Among digital designers, Stamen Design always gets my eyes popping. Stimulant does great work for interactive spaces. Apple products (of course). My friends at Dopplr are constantly making their service better.
How do you sharpen your skills?
I try to read a lot. I have about 200 feeds in my RSS reader, and while I can't keep track of them all the time, I try to hear what people I respect are talking about. Then I try to figure out how what they are talking about fits into my work. The second step is important.
I also like to try new things and tinker. I'm learning how to do electronics right now, for instance, so I can build little devices with sensors. Tinkering increases your toolbox and lets you fail often and in a safe way.
What drink do you prefer to stimulate yourself during the design workflow?
I'm a tea drinker, not a coffee drinker, so that's my beverage of choice. Cream Earl Gray is my current favorite.
What is it you find most irritating and/or distracting while working?

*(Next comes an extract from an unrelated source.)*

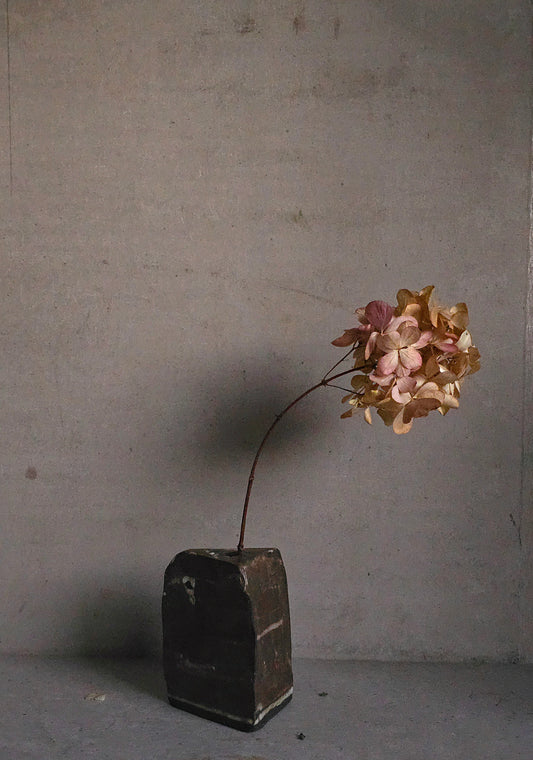 Primal Triangle Vase – Brown Glaze with White Markings on Black Clay | Rustic Sculptural Weighted Ceramic Vase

My own ignorance, lack of skills, or inability to grasp new concepts. My own limitations are always more frustrating than almost anything external. My work place is always cluttered, noisy, and chaotic. That doesn't bother me overmuch.

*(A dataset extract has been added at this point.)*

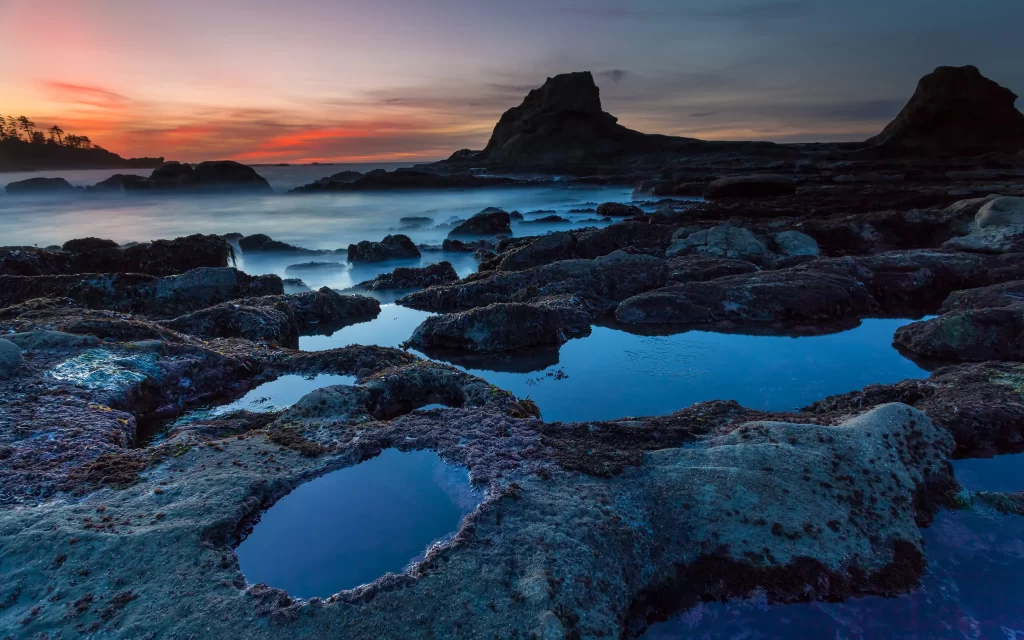 Sunset ocean rocks tide pools sky landscape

In the fall of 2008 your book on 'Interactive Gestures' for O'Reilly is coming up. Give three reasons why somebody interested in web design should get a copy.
Sooner or later, and probably sooner, you will be asked to design for a touchscreen device. You'll want some guidance.
If you don't already, you'll probably own a touchscreen device or a Wii or at a minimum have used a public restroom where you put your hands under a sink to turn it on. Learning about how these work and how you could design them might make you a better designer.
Interactive gestures are transforming interaction design like we haven't seen since the 1970s, when the paradigms for using a PC were established. Every designer should know about them.
The principle you follow in life and work?
I have three:
'The Way you know is not The Way.' –Tao Te Ching
'A body in motion tends to stay in motion.' Newton's First Law
'If it was easy, then everyone would do it.'
The main thing you'd like a reader to remember about this interview.
The way to become a great designer is to learn as much as you can and put what you've learned into practice by designing a lot. That's all!